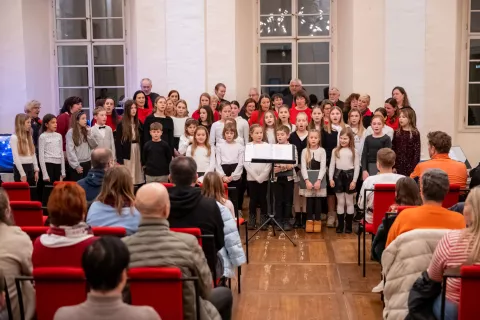 Koncert Zapojmo v novo leto - druženje pevskih zborovBaročna dvorana Radovljica / Foto: Nik Bertoncelj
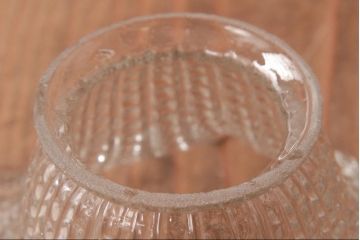 フランスビンテージ　青銅製　花のようなシェードと子供が愛らしいテーブルランプ(スタンドライト)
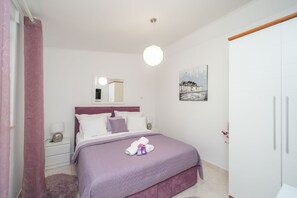1 bedroom, iron/ironing board, Internet, bed sheets - Apartment Santa- One Bedroom Apartment with Terrace and Fort View(A2) (Dubrovnik)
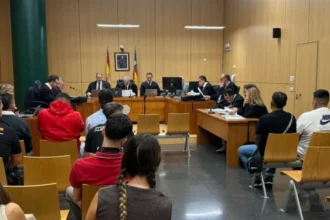 Comienza el juicio por una presunta violación grupal con sumisión química en Cullera.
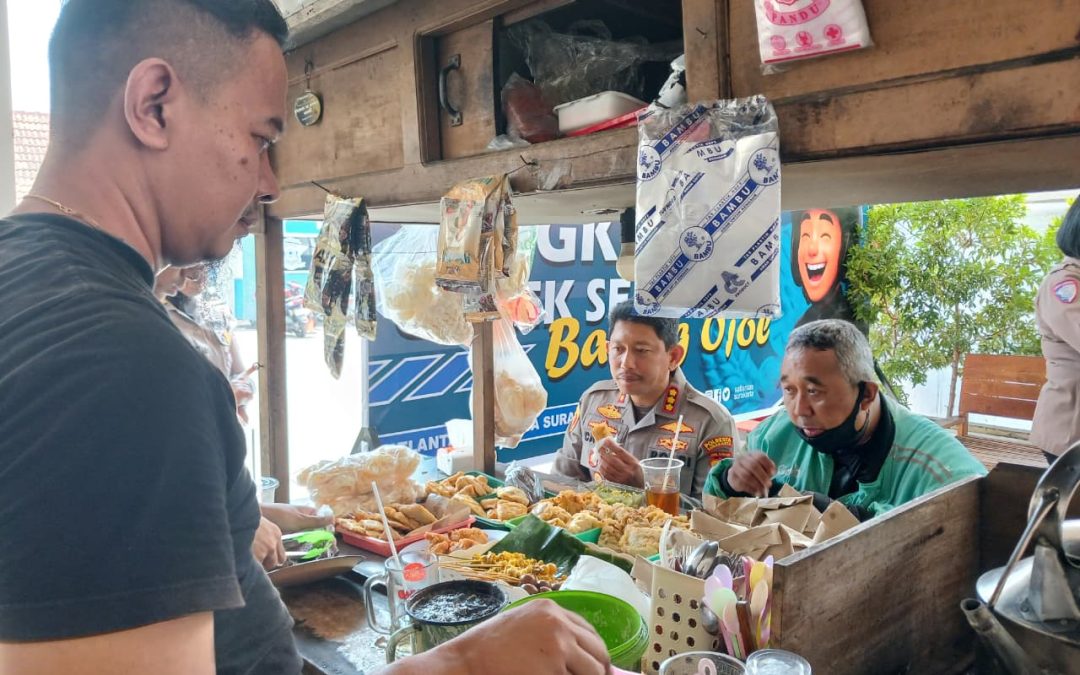 Kapolresta Surakarta Gelar Minggu Kasih Bersama Ojol di Angkringan Purwosari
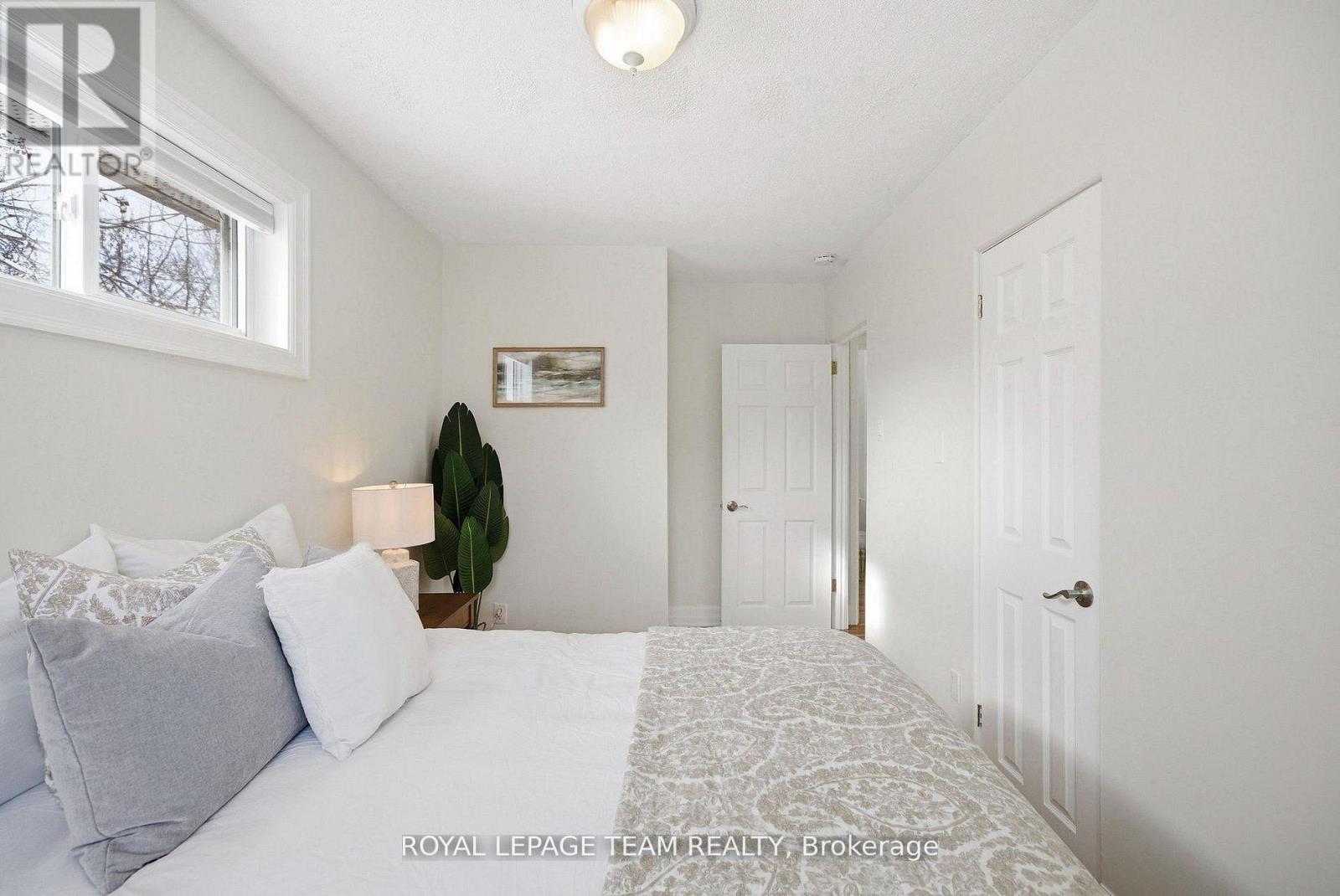3246 ELIZABETH STREET — photo 21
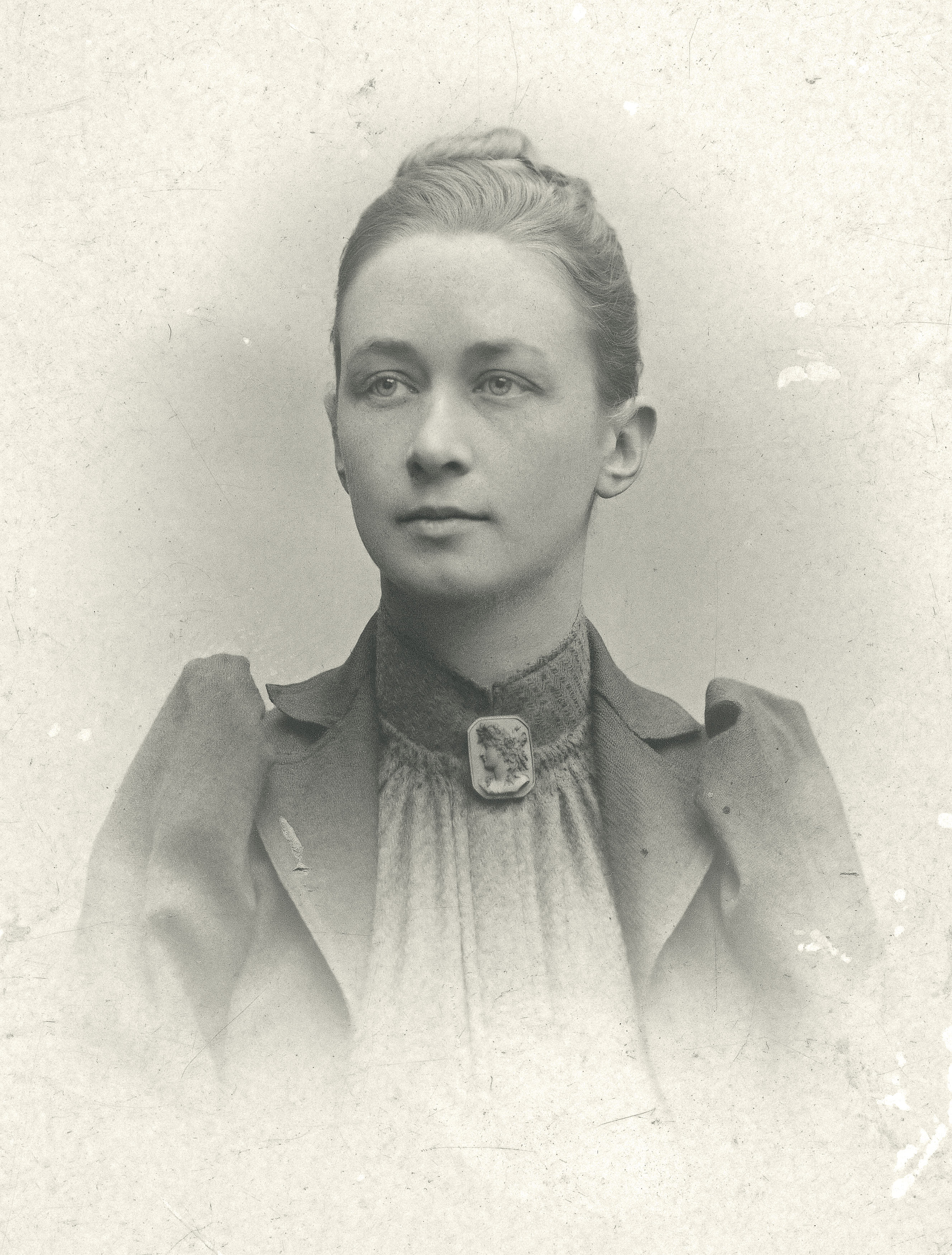 Hilma_af_Klint,_portrait_photograph_published_in_1901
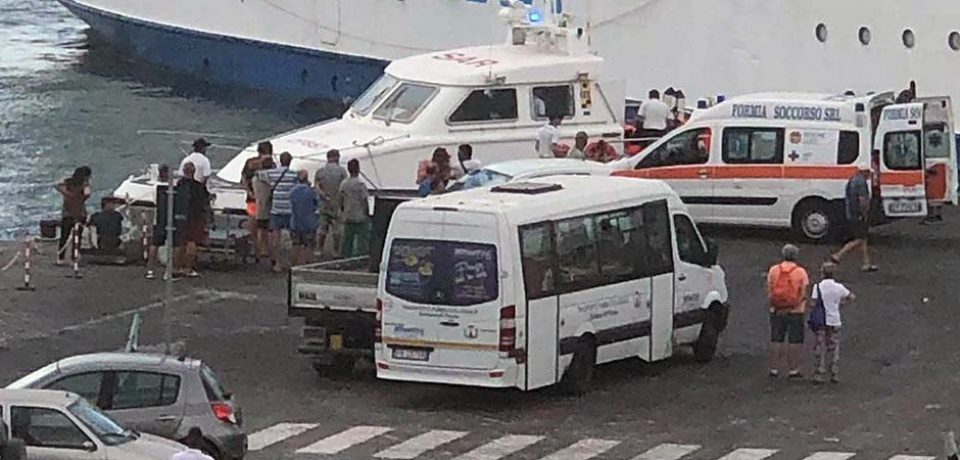 Ponza / Colto da infarto in mare, muore in ospedale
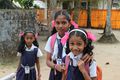 schoolgirls in Thumpoly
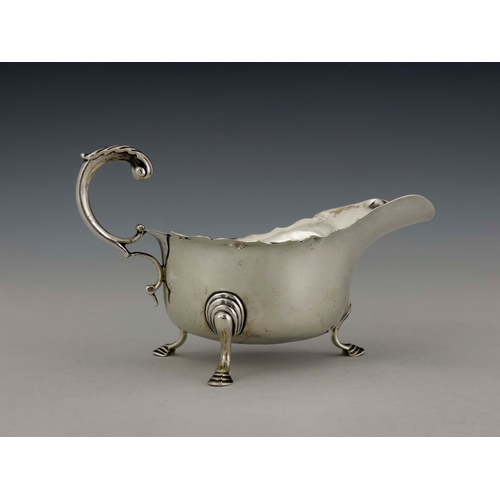 71 - An Edwardian silver jug and bowl, Williams Ltd., Birmingham 1901, half reeded boat form, with angled... 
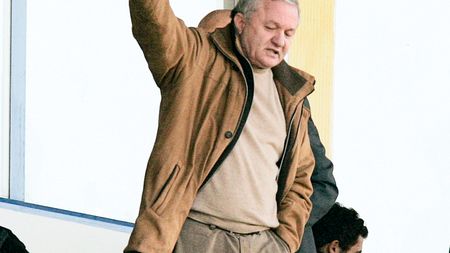 Săgeți spre Dorinel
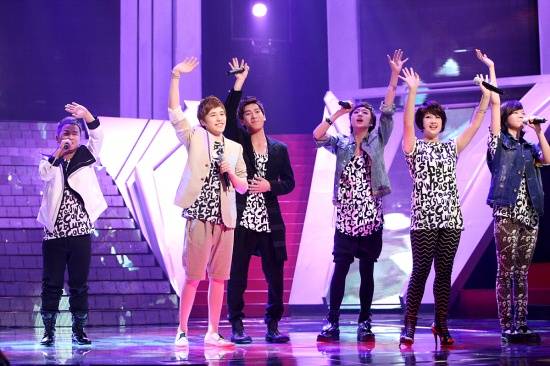 ▲ 단체곡을 부르고 있는 '톱 11' 진출자들.  ⓒ 엠넷미디어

Assignment →
Beginning with the line that has "schoolgirls in Thumpoly", repeat each remaining line of the data above word for word, keeping pictures out.

Solution below →
 schoolgirls in Thumpoly
 71 - An Edwardian silver jug and bowl, Williams Ltd., Birmingham 1901, half reeded boat form, with angled... 
 Săgeți spre Dorinel
 ▲ 단체곡을 부르고 있는 '톱 11' 진출자들.  ⓒ 엠넷미디어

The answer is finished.